Corrosion-resistant nickel-based alloys
| Alloy | UNS No | EN No | Ni | Cr | Fe | Mo | W | C | Cu |
| B-3® | N10675 | 2.46 | 65** | 1.5 | 1.5 | 28.5 | 3* | 0.01* | 0.2* |
| C-276 | N10276 | 2.4819 | 57 | 16 | 5 | 16 | 4 | 0.01* | 0.5* |
| C-22® | N06022 | 2.4602 | 56 | 22 | 3 | 13 | 3 | 0.01* | 0.5* |
| C-2000® | N06200 | 2.4675 | 59 | 23 | 3* | 16 | – | 0.01* | 1.6 |
| G-30® | N06030 | 2.4603 | 43 | 30 | 15 | 5.5 | 2.5 | 0.03* | 2 |
| G-35® | N06035 | 2.4643 | 58 | 33.2 | 2* | 8.1 | 0.6* | 0.05* | 0.3* |
| * Maximum ** Minimum | |||||||||
Table 1: Nominal compositions of some corrosion-resistant nickel-based alloys
High-temperature alloys
| Alloy | UNS No | EN No | Ni | Co | Fe | Cr | Mo | W | Al | Ti | C |
| Solid-Solution Strengthened | |||||||||||
| X | N06002 | 2.4665 | 47 | 1.5 | 18 | 22 | 9 | 0.6 | 0.5* | 0.15* | 0.1 |
| S | N06635 | – | 67 | 2* | 3* | 16 | 15 | 1* | 0.25 | – | 0.02* |
| 625 | N06625 | 2.4856 | 62 | 1* | 5* | 21 | 9 | – | 0.4* | 0.4* | 0.10* |
| 617 | N06617 | 2.4663 | 54 | 12.5 | 1 | 22 | 9 | – | 1.2 | 0.3 | 0.07 |
| 230® | N06230 | 2.4733 | 57 | 5* | 3* | 22 | 2 | 14 | 0.5* | 0.1* | 0.1 |
| Age-Hardenable | |||||||||||
| 718 | N07718 | 2.4668 | 52 | 1* | 19 | 18 | 3 | – | 0.5 | 0.9 | 0.05 |
| 263 | N07263 | 2.465 | 52 | 20 | 0.7* | 20 | 6 | – | 0.6* | 2.4* | 0.06 |
| 282® | – | – | 57 | 10 | 1.5* | 20 | 8.5 | – | 1.5 | 2.1 | 0.06 |
| Waspaloy | N07001 | 2.4654 | 58 | 13.5 | 2* | 19 | 4.3 | – | 1.5 | 3 | 0.08 |
| R-41 | N07041 | 2.4973 | 52 | 11 | 5* | 19 | 10 | – | 1.5 | 3.1 | 0.09 |
| 242®™ | N10242 | – | 65 | 1* | 2* | 8 | 25 | – | 0.5* | – | 0.03* |
| * Maximum | |||||||||||
Table 2: Nominal compositions of some high-temperature alloys
Below is the detailed Molybdenum Applications:
In corrosion-resistant nickel-based alloys, molybdenum imparts resistance to nonoxidizing environments such as halide acids (HCl, HBr and HF) and sulfuric acid, for example. Accordingly, the alloy most resistant to these environments is B-3 alloy which contains 28.5% Mo. Molybdenum also acts in conjunction with chromium to provide resistance to localized corrosion attacks such as pitting and crevice corrosion. Alloys such as C-22 and C-2000 are particularly resistant to this type of attack.

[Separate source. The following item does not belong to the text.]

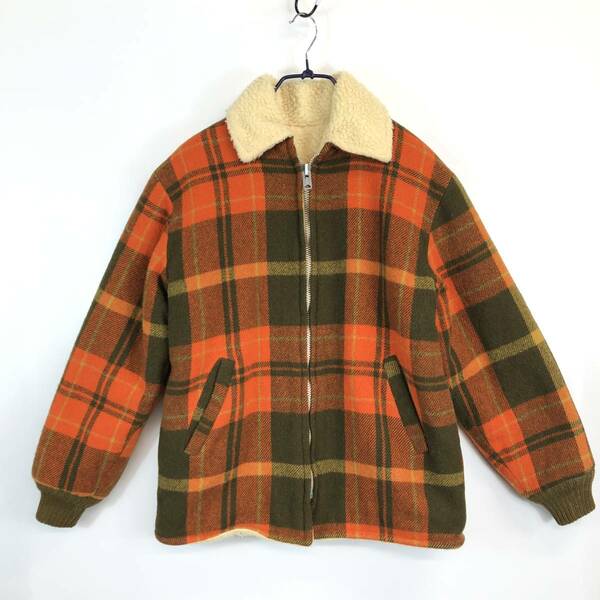 50s vintage ウールリッチ Woolrich リバーシブル フルジップジャケット ウール/ボア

The corrosion-resistant nickel-based alloys find extensive use in the chemical processing, pharmaceutical, oil & gas, petrochemical and pollution control industries in which highly corrosive environments are very common.
In the case of high-temperature alloys, additions of molybdenum are often used to impart resistance to damage caused by high-temperature creep. For the solid-solution strengthened alloys, the advantage is taken of the fact that molybdenum diffuses very slowly in nickel. Since high-temperature creep is generally diffusion-controlled, additions of molybdenum are quite effective in reducing creep rates. In the age-hardenable alloys which utilize the precipitation of gamma-prime, Ni 3(Al, Ti), molybdenum additions strengthen the matrix and reduce the lattice mismatch between the matrix and the gamma-prime particles, thereby improving the stability of the precipitates. The effect of molybdenum in 242 alloys is unique. Its specific combination of molybdenum and chromium promotes the formation of long-range ordered Ni 2(Mo, Cr)-type particles which impart significant strength without significantly reducing ductility. Molybdenum additions are also very effective in reducing the coefficient of thermal expansion.
Alloys such as S and 242, which contain large amounts of molybdenum, find use as seal rings in gas turbine engines to exploit this effect. The high-temperature alloys are extensively used in gas turbine engines for components such as turbine disks, combustors, transition ducts, turbine cases, seal rings, afterburner parts, and thrust reversers. They are also used in applications involving industrial heating, heat treating, mineral processing, heat exchangers, and waste incineration.